As we grow older, our time with our parents becomes more limited. Work, busy schedules, travels, and relationships with friends and significant others get in the way of the time we spend together, which is why I believe that at some point in our adult lives we should take the time to travel with our parents. Since travel is an important aspect of my life and now my career, I am often on the road, but due to different and conflicting schedules, my family and I rarely get to travel together and up until recently that was okay in my mind. I had plenty of travel memories with them from the past, but after a trip to Italy together in May 2014, I found myself wanting to travel more with my family, especially my parents.
I realized that the way I travel now is completely different than the way I traveled with my parents as a child, and I think that I was nervous to mix the two for a while.

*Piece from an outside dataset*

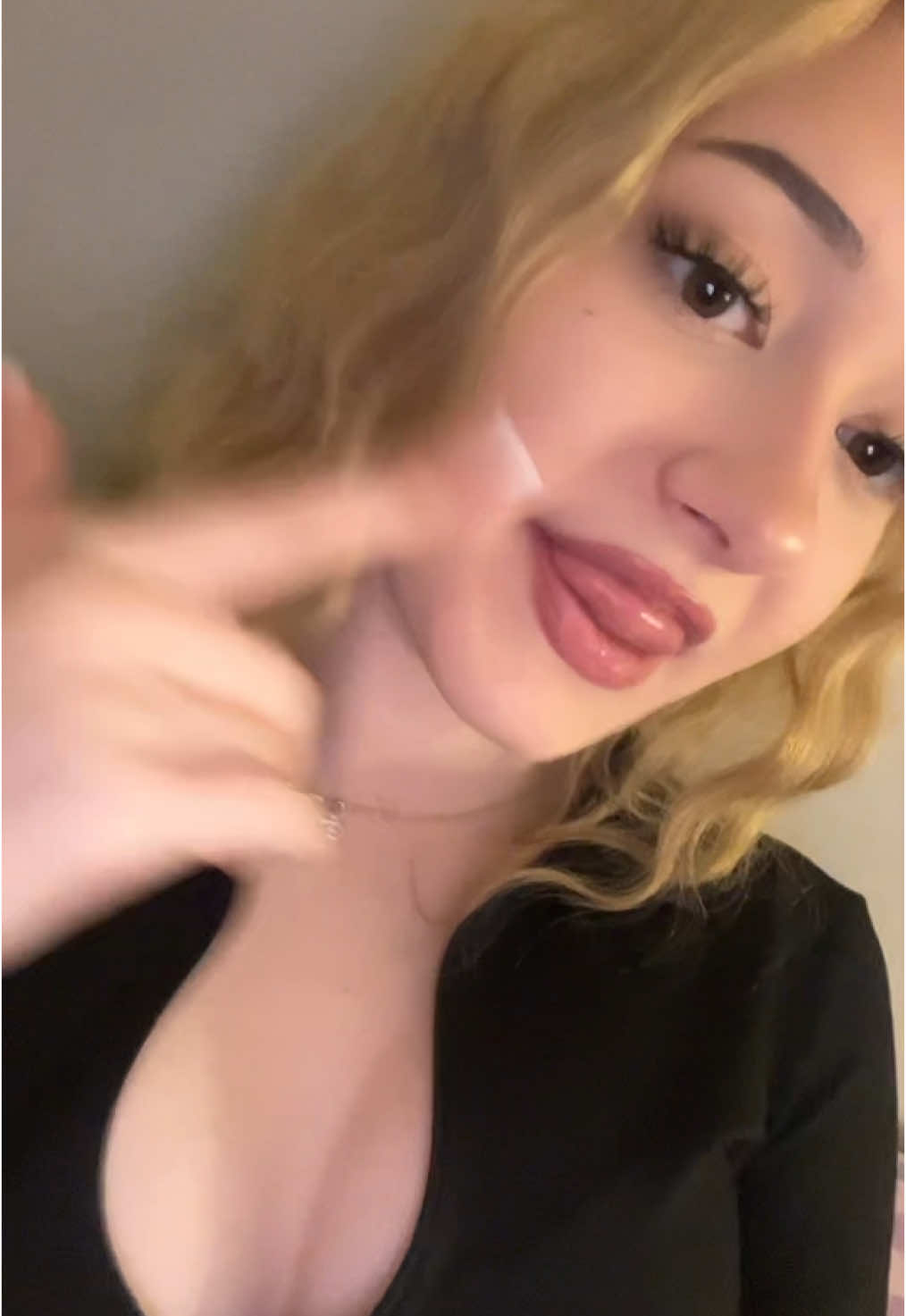@helenasophie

But, after those trips, I found it was easier to travel with each other than I had previously remembered, partially because we could take care of each other, rather than relying on our parents to take care of us as they did when we were children. At this age, I no longer see them as the authority figures in my life, but instead as my confidants, companions, and biggest supporters. It completely switched up the dynamics and changed the way we traveled together.
Last week, I had the opportunity to travel throughout Provence with my mom on a Viking River Cruise and the experience opened my eyes and made me even more grateful that I was able to share the trip with her. While I was so excited for our time in Europe together, I was also a bit nervous. Even though we have a strong relationship and she’s one of my best friends, we were going to be traveling together for ten days, just the two of us. We hadn’t spent that much time together in a very long time, so although I was looking forward to the trip, I was curious how traveling with her for so long would be.
Before arriving in France for the cruise, we arrived in Amsterdam and immediately met up with my friend Jade, who I hadn’t seen since our time together in Africa. Jade is living in Amsterdam and during our day-long layover, my mom and I were able to meet up with her and her mom, who was in town from Sydney. Getting to introduce my mom to a friend I had met on the road was a special experience, and it was equally nice to be able to meet Jade’s mom.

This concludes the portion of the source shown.